This trail follows a section of the Sinnemahoning Valley Railroad grade dating back to 1885. In that year, the Sinnemahoning Valley Railroad began running from Keating Summit (known as Forest House) on the Buffalo and Susquehanna Railroad (later part of the Pennsylvania Railroad) east to a switchback and then south down the west branch of Freeman Run to the Goodyear's sawmill in Austin, PA. All that remains here today is the old railroad grade along the west branch of the Freeman Run which lies within Susquehannock State Forest.
Some of the north parts of this trail is on private land, but almost all of this trail is on state forest
In Austin, Frank Goodyear built a huge Hemlock sawmill, and hauled cut timber logs to Austin by rail to get sawed into lumber and then used his rail line to transport the sawn lumber to the large cities. In 1886, he extended the line 13 miles south to Costello, where there was a large sole leather tannery. The leather tanneries used the Hemlock bark, which was a by-product of the saw mills, for making tannic acid. This allowed Goodyear to benefit greatly by supplying one industry with the waste product from his lumber operation. Hemlock Tannins made the leather more resistant to decomposition and gave the leather a distinctive, deep reddish-brown color.
By 1893, the Sinnemahoning Valley Railroad merged with the Buffalo and Susquehanna Railroad and by then extended sixty-two miles from Keating Summit on to Wharton and beyond. From Wharton, the rail line proceeded north east up a steep grade to Galeton. About 14 miles south of Galeton, four large switchbacks were required to get over the ridge and into Galeton. From Galeton the rail line ran eastward to Ansonia, with a 13-mile branch to the at that time booming logging town of Cross Fork. By 1901, the Buffalo and Susquehanna Railroad had built another extension from the Wharton mainline, south through Sinnemahoning to connect the Philadelphia & Erie Railroad near Driftwood.

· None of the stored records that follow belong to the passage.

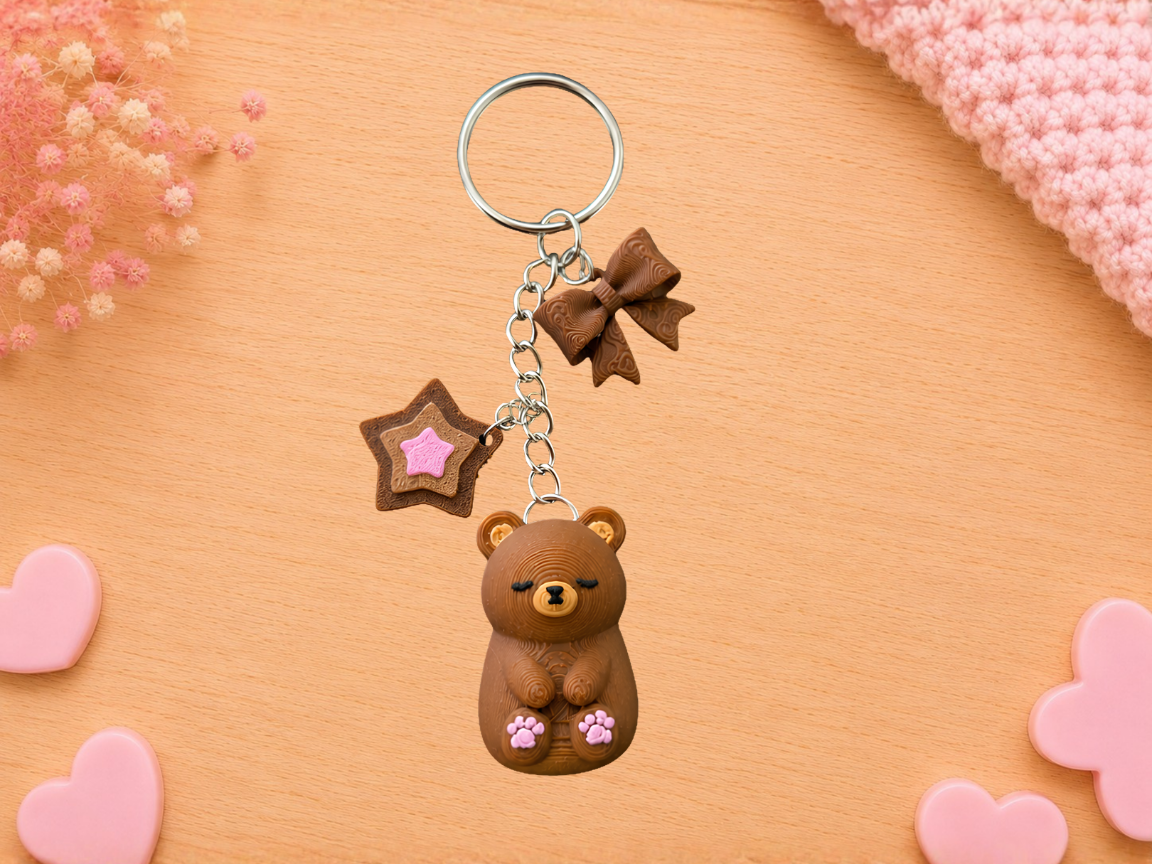 Sleepy Bear Keyring with Charms - 1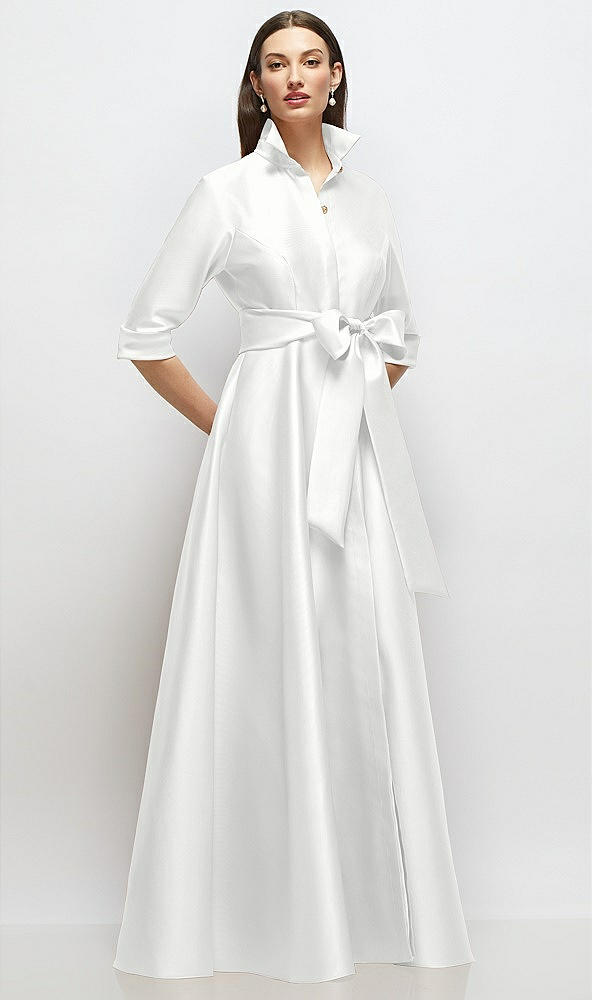 Front View - White 3/4 Sleeve Satin Shirt Dress Gown with Sash and Jeweled Buttons
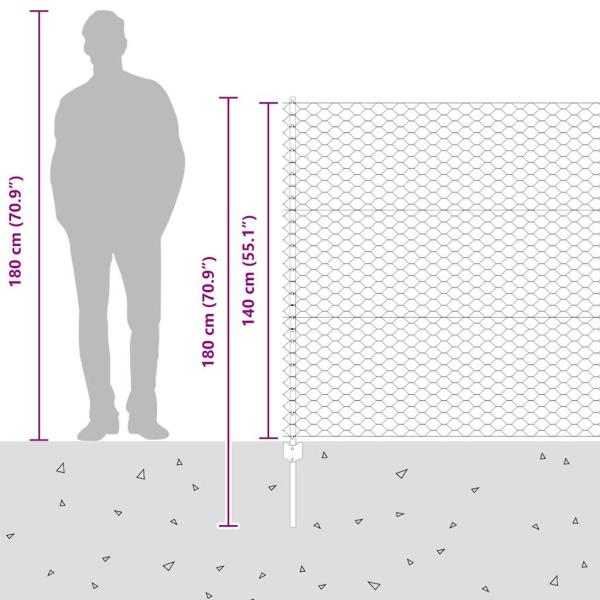 Zaunpfosten 22 Stück U-Kanal 140 cm Verzinkter Stahl, Sechseckzaun 1,4x25 m Verzinkter Stahl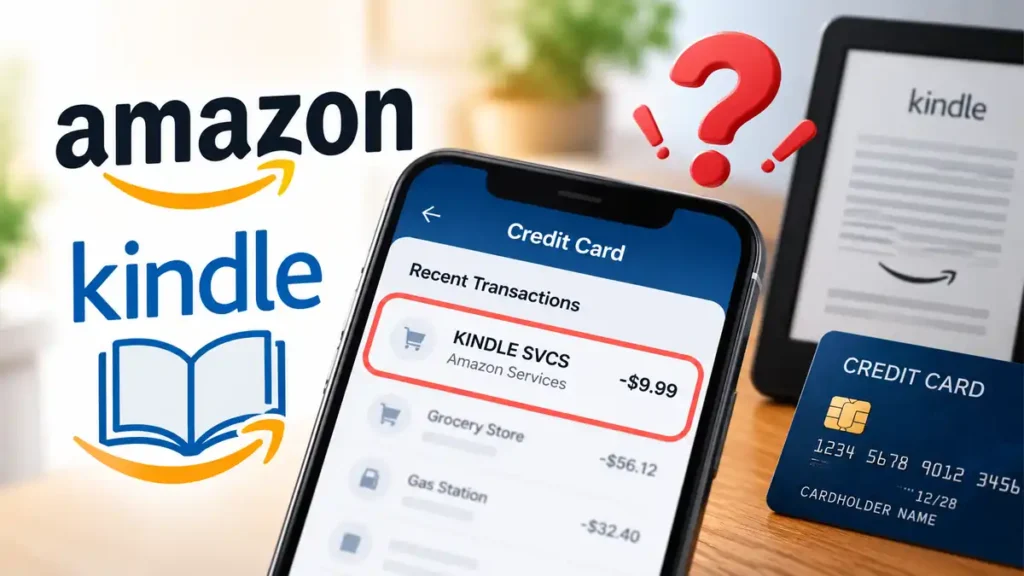 KINDLE SVCS charge on credit card statement with a Kindle e-reader and credit card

Austin became Goodyear's center of operations in the Sinnemahoning Valley, and was known as Hemlock City. Disaster struck when Austin was literally wiped off the map by a large flood caused by the failure of the Bayless Papermill Company concrete dam on September 30, 1911.The lumber profitability had already declined before then due to the total cutting of the Eastern Hemlock stands that completely cleared the hills of thier the old-growth forests. To make matters even worse, a board range of bad economic conditions continued to affect the rail lines and the once-prosperous industries operating in the Sinnemahoning Valley from then on. Even the state-of-art papermaking pursuits by George Bayless started in 1901 failed to revive the area's economy and prosperity due to the 1911 burst of the large concrete dam built in 1909 to provide adequate water to run the mill processes at full capacity during the seasonally dry periods of low flow in the Freeman Run headwaters. The rail line from Keating Summit to Austin was abandoned by 1941. By 1942, the rail lines south of Austin, running through Costello and Wharton, and all the way to Sinnemahoning, were also abandoned. And, that mostly ended of the railroad era in these parts, except for the tiny village of Keating Summit which has the only active Pennsylvania Railroad line still running in Potter County yet today.
The Goodyear Hemlock Sawmill closed in 1911, and the Bayless Papermill Company survived the breaking of the Austin Dam in 1911 as well as another smaller earthen dam break in the flood of 1942. However, a major fire in 1944 caused the Austin papermill to close forever. Only Ruins are left in this washed out valley on a 2-mile stretch along the east branch of Freeman devastated by the Dam breaks. The two Freeman Run branches that converge in Austin, from whence it flows as a single waterway to its mouth at Costello.